== Source information ==
####################

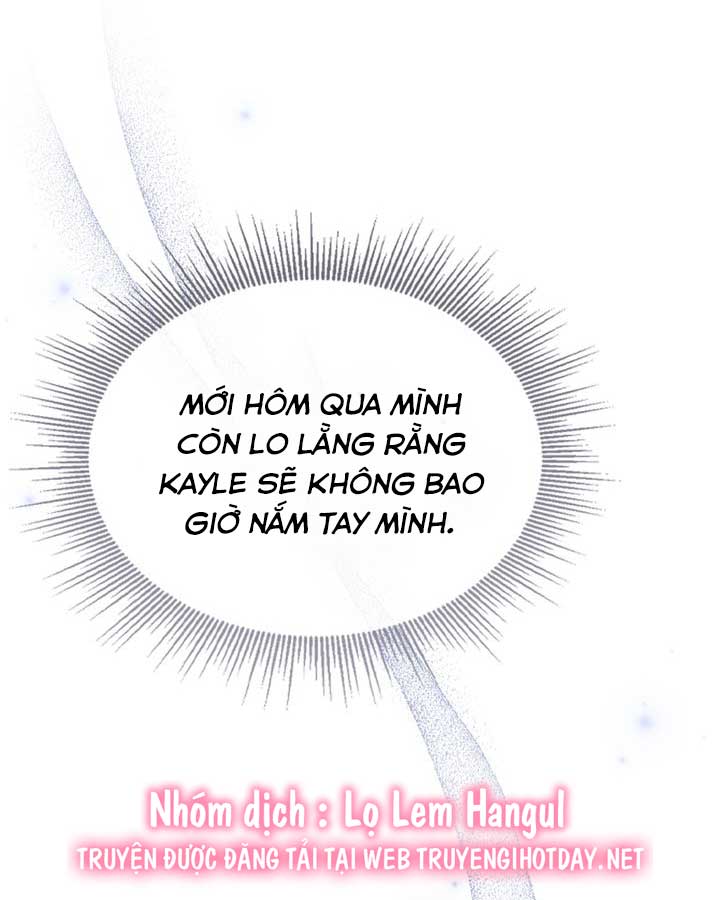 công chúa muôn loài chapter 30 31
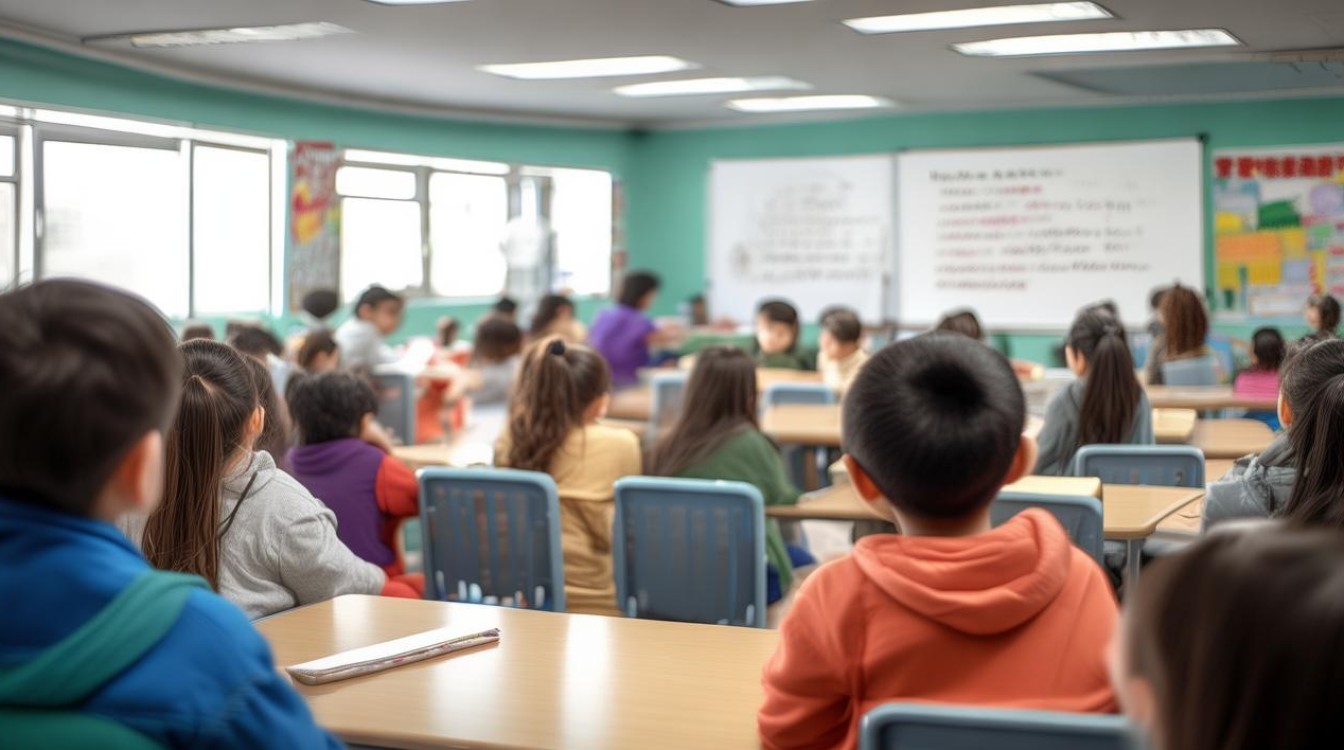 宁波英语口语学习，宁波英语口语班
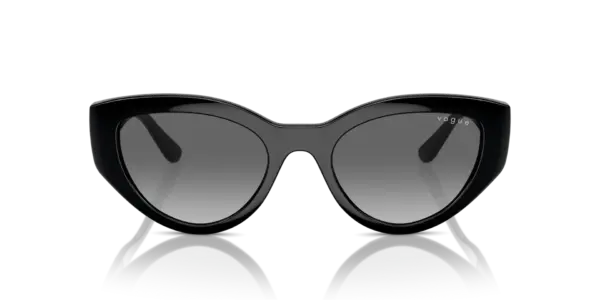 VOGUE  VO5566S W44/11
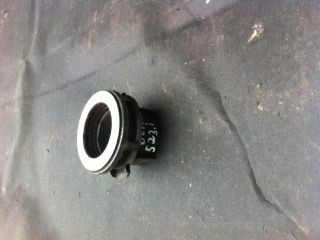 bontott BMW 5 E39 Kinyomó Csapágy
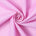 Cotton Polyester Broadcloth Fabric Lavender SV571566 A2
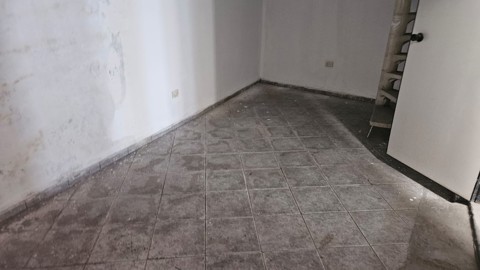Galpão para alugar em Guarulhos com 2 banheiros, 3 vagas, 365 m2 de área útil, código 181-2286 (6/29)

####################

== The task ==
Could you repeat the entries word for word, skipping the pictures they contain?

== Response to the task ==
 công chúa muôn loài chapter 30 31
 宁波英语口语学习，宁波英语口语班
 VOGUE  VO5566S W44/11
 bontott BMW 5 E39 Kinyomó Csapágy
 Cotton Polyester Broadcloth Fabric Lavender SV571566 A2
Galpão para alugar em Guarulhos com 2 banheiros, 3 vagas, 365 m2 de área útil, código 181-2286 (6/29)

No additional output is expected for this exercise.